C’est une histoire de mémoire et de musique, de transmission et de résistance. Une histoire tissée sur les rives sud et nord de la Méditerranée, et qui, depuis vingt ans, prend corps chaque mois de juin à Marseille.
Du 11 au 14 juin 2025, la cité phocéenne accueillera la 20ᵉ édition du Festival Tamazgha, rendez-vous incontournable pour celles et ceux qui portent, célèbrent et réinventent la culture amazighe en diaspora.
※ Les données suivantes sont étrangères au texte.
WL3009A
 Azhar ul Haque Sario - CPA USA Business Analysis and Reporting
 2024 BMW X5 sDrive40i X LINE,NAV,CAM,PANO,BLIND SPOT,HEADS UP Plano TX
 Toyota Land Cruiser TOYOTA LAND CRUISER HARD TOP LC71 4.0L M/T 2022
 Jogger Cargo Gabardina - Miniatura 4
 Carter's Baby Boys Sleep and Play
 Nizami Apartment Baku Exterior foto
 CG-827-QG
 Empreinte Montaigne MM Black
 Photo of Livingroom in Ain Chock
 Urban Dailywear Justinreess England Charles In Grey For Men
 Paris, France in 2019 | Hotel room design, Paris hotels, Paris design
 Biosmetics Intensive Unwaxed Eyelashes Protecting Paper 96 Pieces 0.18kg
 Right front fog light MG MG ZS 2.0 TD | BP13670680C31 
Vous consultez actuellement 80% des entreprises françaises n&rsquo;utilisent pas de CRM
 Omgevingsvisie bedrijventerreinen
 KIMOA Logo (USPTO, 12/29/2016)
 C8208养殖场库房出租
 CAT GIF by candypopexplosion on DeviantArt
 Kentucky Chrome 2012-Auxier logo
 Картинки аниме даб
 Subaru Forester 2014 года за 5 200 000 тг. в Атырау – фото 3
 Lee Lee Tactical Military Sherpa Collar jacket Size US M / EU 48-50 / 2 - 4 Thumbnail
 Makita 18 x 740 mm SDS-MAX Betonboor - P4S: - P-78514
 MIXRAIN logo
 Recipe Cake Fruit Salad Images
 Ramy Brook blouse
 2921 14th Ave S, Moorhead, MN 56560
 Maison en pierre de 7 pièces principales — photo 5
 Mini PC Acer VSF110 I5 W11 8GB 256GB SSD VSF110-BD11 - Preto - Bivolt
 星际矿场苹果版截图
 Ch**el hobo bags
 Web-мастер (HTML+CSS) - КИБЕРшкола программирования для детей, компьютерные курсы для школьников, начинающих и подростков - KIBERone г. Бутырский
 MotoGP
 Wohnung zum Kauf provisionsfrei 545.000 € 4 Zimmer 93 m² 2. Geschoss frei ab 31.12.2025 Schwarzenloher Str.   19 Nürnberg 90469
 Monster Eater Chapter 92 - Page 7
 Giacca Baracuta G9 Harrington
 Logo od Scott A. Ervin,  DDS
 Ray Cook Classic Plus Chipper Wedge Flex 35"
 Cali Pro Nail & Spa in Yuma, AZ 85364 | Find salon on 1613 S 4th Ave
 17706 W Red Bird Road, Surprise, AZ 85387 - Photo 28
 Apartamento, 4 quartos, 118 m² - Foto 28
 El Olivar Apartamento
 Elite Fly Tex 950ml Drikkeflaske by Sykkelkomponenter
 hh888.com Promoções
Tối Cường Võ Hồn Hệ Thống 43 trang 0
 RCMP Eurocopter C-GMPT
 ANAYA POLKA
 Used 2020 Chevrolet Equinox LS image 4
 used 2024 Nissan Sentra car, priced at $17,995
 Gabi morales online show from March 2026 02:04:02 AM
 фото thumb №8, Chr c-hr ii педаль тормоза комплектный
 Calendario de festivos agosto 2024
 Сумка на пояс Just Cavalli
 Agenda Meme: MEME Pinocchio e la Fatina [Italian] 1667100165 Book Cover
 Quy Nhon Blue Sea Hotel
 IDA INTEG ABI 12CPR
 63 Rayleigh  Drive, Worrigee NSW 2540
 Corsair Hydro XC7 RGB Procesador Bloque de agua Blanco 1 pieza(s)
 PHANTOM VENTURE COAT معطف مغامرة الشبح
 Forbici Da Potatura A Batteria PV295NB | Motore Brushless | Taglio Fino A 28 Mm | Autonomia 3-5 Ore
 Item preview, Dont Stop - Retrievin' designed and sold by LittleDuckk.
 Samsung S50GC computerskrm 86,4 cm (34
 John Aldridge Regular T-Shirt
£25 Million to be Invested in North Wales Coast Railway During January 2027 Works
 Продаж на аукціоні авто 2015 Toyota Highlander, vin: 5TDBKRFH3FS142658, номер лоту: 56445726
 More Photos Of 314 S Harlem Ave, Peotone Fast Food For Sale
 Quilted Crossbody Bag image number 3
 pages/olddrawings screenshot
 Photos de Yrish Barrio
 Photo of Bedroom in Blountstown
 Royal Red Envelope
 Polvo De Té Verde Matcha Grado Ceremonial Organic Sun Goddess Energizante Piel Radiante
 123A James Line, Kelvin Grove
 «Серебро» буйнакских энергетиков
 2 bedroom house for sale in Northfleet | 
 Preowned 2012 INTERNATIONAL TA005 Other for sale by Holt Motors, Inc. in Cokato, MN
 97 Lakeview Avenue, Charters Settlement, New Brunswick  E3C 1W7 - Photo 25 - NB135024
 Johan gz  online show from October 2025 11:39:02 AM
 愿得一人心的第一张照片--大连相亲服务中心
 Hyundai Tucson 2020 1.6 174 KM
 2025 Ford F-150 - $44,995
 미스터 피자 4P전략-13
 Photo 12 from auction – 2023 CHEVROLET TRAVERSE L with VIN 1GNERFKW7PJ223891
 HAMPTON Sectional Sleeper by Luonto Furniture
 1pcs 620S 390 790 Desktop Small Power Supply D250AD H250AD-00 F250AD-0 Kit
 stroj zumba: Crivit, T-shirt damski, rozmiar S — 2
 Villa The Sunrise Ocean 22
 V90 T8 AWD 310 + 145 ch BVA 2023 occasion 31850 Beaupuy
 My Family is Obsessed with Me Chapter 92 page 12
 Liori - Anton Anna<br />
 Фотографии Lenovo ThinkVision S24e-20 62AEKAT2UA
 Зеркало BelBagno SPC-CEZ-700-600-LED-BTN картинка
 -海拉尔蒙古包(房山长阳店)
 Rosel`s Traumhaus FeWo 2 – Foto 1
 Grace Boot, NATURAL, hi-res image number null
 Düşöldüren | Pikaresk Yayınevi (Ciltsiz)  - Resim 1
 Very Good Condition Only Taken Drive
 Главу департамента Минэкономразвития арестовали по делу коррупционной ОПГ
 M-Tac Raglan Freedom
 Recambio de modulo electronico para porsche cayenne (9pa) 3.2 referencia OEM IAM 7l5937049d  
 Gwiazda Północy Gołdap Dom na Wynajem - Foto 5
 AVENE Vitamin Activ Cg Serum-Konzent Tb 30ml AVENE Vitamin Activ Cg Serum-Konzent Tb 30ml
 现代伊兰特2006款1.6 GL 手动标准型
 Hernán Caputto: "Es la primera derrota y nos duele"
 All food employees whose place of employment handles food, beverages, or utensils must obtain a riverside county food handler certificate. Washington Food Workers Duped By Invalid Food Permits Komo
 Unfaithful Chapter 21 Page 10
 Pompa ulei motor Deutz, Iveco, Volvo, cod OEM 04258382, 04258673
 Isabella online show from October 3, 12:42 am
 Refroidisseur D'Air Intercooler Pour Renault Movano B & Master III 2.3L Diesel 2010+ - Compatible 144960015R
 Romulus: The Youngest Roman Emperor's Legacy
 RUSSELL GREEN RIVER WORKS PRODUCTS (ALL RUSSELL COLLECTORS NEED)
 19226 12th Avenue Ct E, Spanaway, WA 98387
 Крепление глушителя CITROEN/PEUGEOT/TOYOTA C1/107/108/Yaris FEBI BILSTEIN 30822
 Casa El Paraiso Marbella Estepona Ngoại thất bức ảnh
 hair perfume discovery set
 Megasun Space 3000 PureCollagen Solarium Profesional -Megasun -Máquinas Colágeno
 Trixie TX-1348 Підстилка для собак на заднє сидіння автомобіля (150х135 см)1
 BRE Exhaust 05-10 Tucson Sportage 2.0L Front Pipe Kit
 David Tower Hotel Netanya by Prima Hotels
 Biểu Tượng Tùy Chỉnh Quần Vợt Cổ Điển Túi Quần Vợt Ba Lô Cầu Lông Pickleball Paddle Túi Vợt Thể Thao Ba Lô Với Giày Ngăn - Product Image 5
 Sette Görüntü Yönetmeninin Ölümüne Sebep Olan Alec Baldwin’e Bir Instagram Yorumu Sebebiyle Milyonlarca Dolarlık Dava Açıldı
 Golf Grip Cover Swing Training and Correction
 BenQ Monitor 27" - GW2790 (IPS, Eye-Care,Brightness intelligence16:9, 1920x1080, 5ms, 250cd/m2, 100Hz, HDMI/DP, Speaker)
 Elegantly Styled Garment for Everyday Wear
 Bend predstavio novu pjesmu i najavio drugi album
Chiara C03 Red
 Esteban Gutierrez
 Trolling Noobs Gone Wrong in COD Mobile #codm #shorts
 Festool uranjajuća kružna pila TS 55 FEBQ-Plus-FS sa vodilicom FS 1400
Vingt années, c’est un cycle accompli. Celui d’un festival né dans l’ombre du silence, au lendemain des années noires et du déracinement. Un espace pensé non seulement comme scène artistique, mais comme lieu de parole, d’écoute et de réappropriation. À travers les chants, les langues, les formes graphiques ou les récits de vie, Tamazgha fait entendre ce que l’histoire officielle a trop souvent voulu taire.
L’art comme fil de transmission
Le programme de cette édition anniversaire est fidèle à cet esprit. Il s’ouvrira, le mercredi 11 juin, par un atelier de pratique musicale – lieu de passage de témoin, de gestes et de rythmes anciens. Le jeudi 12 juin, ce sera à l’écriture de se déployer : un atelier de calligraphie en tifinagh, l’alphabet amazigh, permettra d’entrer dans la matérialité des signes, dans ce qu’ils charrient de mémoire et de résistance.
Le vendredi 13 juin, la conférence de Farida Aït Ferroukh, musicienne et chercheuse, viendra poser des balises : celles d’un itinéraire musical entre les deux rives, entre les racines kabyles et les scènes urbaines, entre héritage et création. Une parole rare, à la croisée de l’intime et du politique.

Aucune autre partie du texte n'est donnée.